Gordon Lake, un Américain marié à Manuel Valero, un Espagnol, ont décidé de ne pas quitter la Thaïlande sans leur bébé né par gestation pour autrui.
Installés à Bangkok en attendant de trouver une solution, ils possèdent aujourd’hui la garde de l’enfant. Mais ils ne peuvent quitter le territoire en emmenant la petite Carmen, âgée de 6 mois, sans l’accord de la mère porteuse, laquelle refuse de signer les autorisations nécessaires.
Le couple qui a déjà un petit garçon également né, en Inde, par GPA et qui vit habituellement à Valence, dans l’est de l’Espagne, l’accuse d’avoir changé d’avis après avoir découvert leur homosexualité.
« Elle nous a dit qu’elle pensait que nous étions une famille normale et quand elle s’est aperçue que nous étions un couple d’homosexuel, elle s’est inquiétée pour le bien être de Carmen », a raconté Gordon Lake dans un entretien au quotidien britannique le Guardian.
La mère porteuse qui conserve l’anonymat assure avoir découvert l’homosexualité du couple le jour de la naissance de l’enfant. Elle précise que son contrat signé était en anglais, une langue qu’elle ne comprend pas. Dans un entretien à la télévision thaïlandaise, elle affirme cependant ne pas agir à cause de l’homosexualité du couple mais « parce qu’elle ne se voit pas vendre son bébé ».
De son côté, la société internationale New Life qui s’occupe de mettre en lien des cliniques et des couples ayant recours à la GPA a indiqué au Guardian que la mère porteuse connaissait le sexe des parents avant de s’engager. Un argument que réfutent les avocats de la mère porteuse.
Pourquoi la Thaïlande a dû mettre un terme au business lucratif de la gestation pour autrui ?
Cette affaire a ravivé des tensions dans le pays qui a longtemps joui d’une réputation controversée de plaque tournante florissante de la GPA, un commerce très lucratif longtemps resté peu encadré et auquel les homosexuels ont largement recours. Elle donne du grain à moudre aux opposants à cette pratique controversée.
En février, cependant, une loi interdisant aux étrangers de faire appel à des mères porteuses thaïlandaises a été votée, après plusieurs scandales retentissants. L’élément déclencheur a été l’abandon d’un bébé né trisomique par un couple australien, qui a cependant gardé sa jumelle, celle-ci n’étant pas atteinte par le syndrome de Down.
Un second scandale a défrayé la chronique dans le royaume au même moment. La police avait découvert une « usine à nourrissons » mise en place par Mitsutoki Shigeta, un riche fils d’industriel nippon. Les forces de l’ordre avaient découvert neuf des quinze enfants de l’homme qu’il avait conçu avec onze mères porteuses différentes.

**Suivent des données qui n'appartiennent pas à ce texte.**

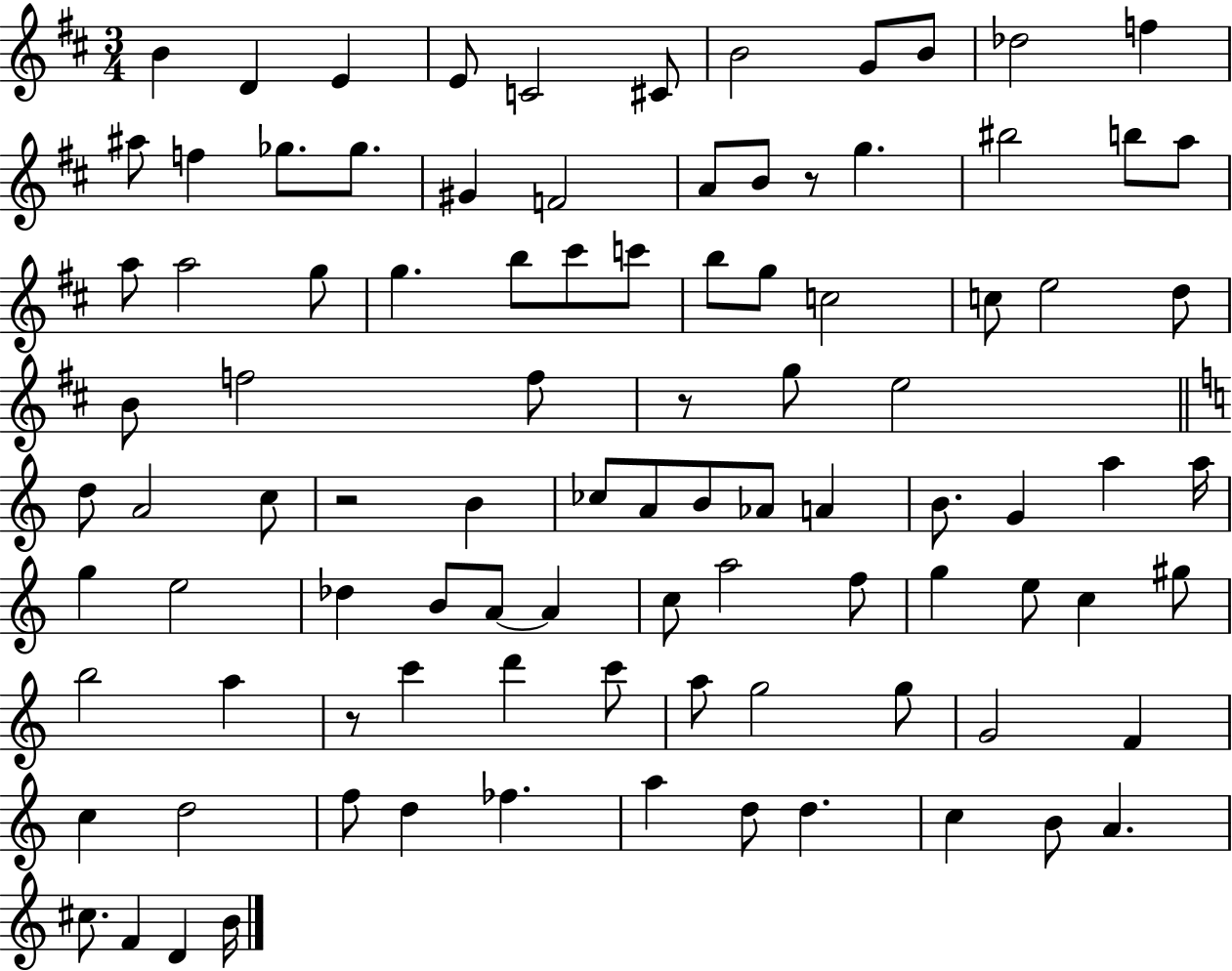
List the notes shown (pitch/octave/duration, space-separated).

B4/q D4/q E4/q E4/e C4/h C#4/e B4/h G4/e B4/e Db5/h F5/q A#5/e F5/q Gb5/e. Gb5/e. G#4/q F4/h A4/e B4/e R/e G5/q. BIS5/h B5/e A5/e A5/e A5/h G5/e G5/q. B5/e C#6/e C6/e B5/e G5/e C5/h C5/e E5/h D5/e B4/e F5/h F5/e R/e G5/e E5/h D5/e A4/h C5/e R/h B4/q CES5/e A4/e B4/e Ab4/e A4/q B4/e. G4/q A5/q A5/s G5/q E5/h Db5/q B4/e A4/e A4/q C5/e A5/h F5/e G5/q E5/e C5/q G#5/e B5/h A5/q R/e C6/q D6/q C6/e A5/e G5/h G5/e G4/h F4/q C5/q D5/h F5/e D5/q FES5/q. A5/q D5/e D5/q. C5/q B4/e A4/q. C#5/e. F4/q D4/q B4/s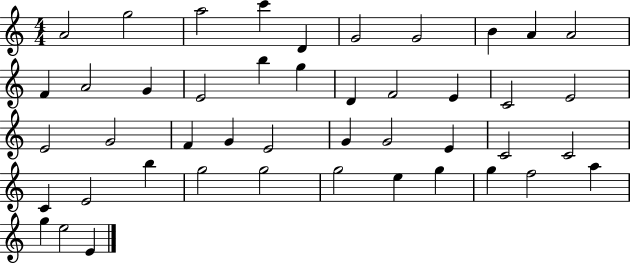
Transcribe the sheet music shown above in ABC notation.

X:1
T:Untitled
M:4/4
L:1/4
K:C
A2 g2 a2 c' D G2 G2 B A A2 F A2 G E2 b g D F2 E C2 E2 E2 G2 F G E2 G G2 E C2 C2 C E2 b g2 g2 g2 e g g f2 a g e2 E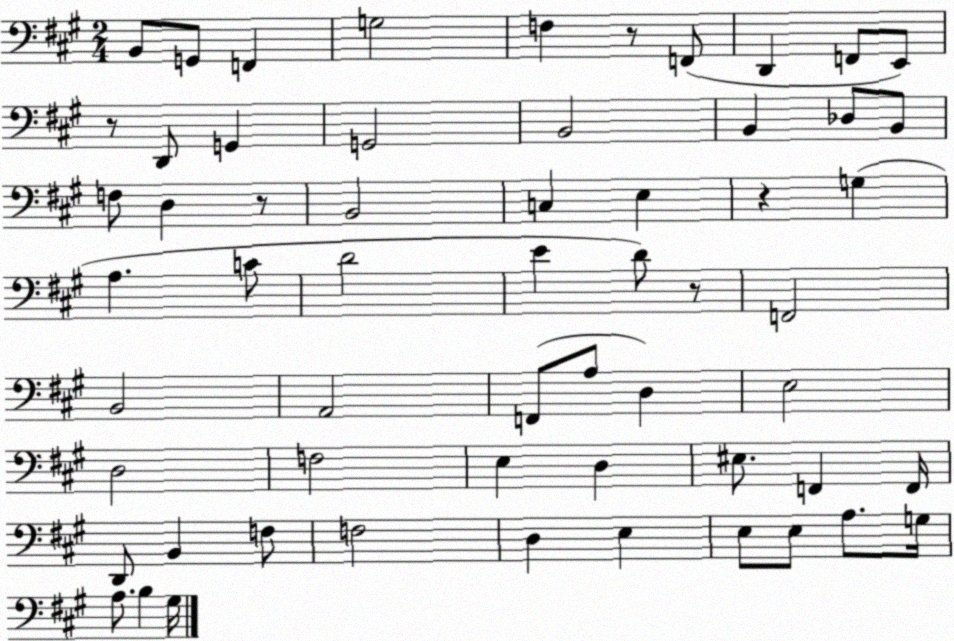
X:1
T:Untitled
M:2/4
L:1/4
K:A
B,,/2 G,,/2 F,, G,2 F, z/2 F,,/2 D,, F,,/2 E,,/2 z/2 D,,/2 G,, G,,2 B,,2 B,, _D,/2 B,,/2 F,/2 D, z/2 B,,2 C, E, z G, A, C/2 D2 E D/2 z/2 F,,2 B,,2 A,,2 F,,/2 A,/2 D, E,2 D,2 F,2 E, D, ^E,/2 F,, F,,/4 D,,/2 B,, F,/2 F,2 D, E, E,/2 E,/2 A,/2 G,/4 A,/2 B, ^G,/4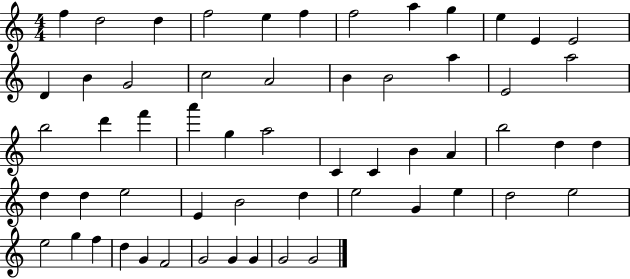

Dans le cas de Gordon Lake et de Manuel Valero, la mère porteuse, uniquement connue sous le surnom d’« Oy », était déjà enceinte lorsque la loi a été adoptée. Elle a donc mis au monde l’enfant avant de le confier à ce couple. Mais elle n’a pas officiellement signé les derniers documents requis, laissant les deux hommes dans une impasse.